# [Problem to work on]
From the first line to the last, return the data exactly, with no pictures.

# [Data provided]
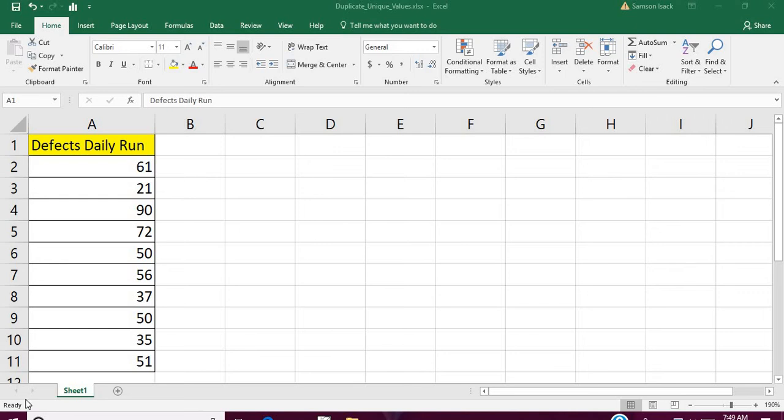Hi, welcome. I am going to show you how to highlight unique and duplicate values in a given list of values. What we have here in this exercise sheet is the number of defects on a daily basis.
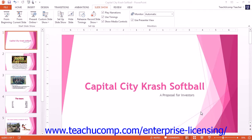Slideshow view is used to display the presentation on or from your computer. You can view either the entire presentation or just a few slides. This is the best way to view your presentation for its clarity, flow, appearance, and impact on the audience.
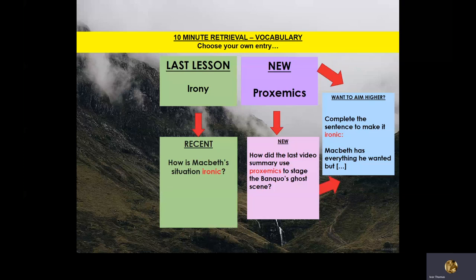Last time we met, we saw Macbeth hallucinate Banquo's Ghost — or did he? Did Banquo's Ghost really exist? The irony of his situation was explained when he said, 'I am cabined, cribbed, and bound in fear.' Remember what irony is, and tell us: how is Macbeth's situation ironic at the moment?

# [Answer space]
Hi, welcome. I am going to show you how to highlight unique and duplicate values in a given list of values. What we have here in this exercise sheet is the number of defects on a daily basis.
Slideshow view is used to display the presentation on or from your computer. You can view either the entire presentation or just a few slides. This is the best way to view your presentation for its clarity, flow, appearance, and impact on the audience.
Last time we met, we saw Macbeth hallucinate Banquo's Ghost — or did he? Did Banquo's Ghost really exist? The irony of his situation was explained when he said, 'I am cabined, cribbed, and bound in fear.' Remember what irony is, and tell us: how is Macbeth's situation ironic at the moment?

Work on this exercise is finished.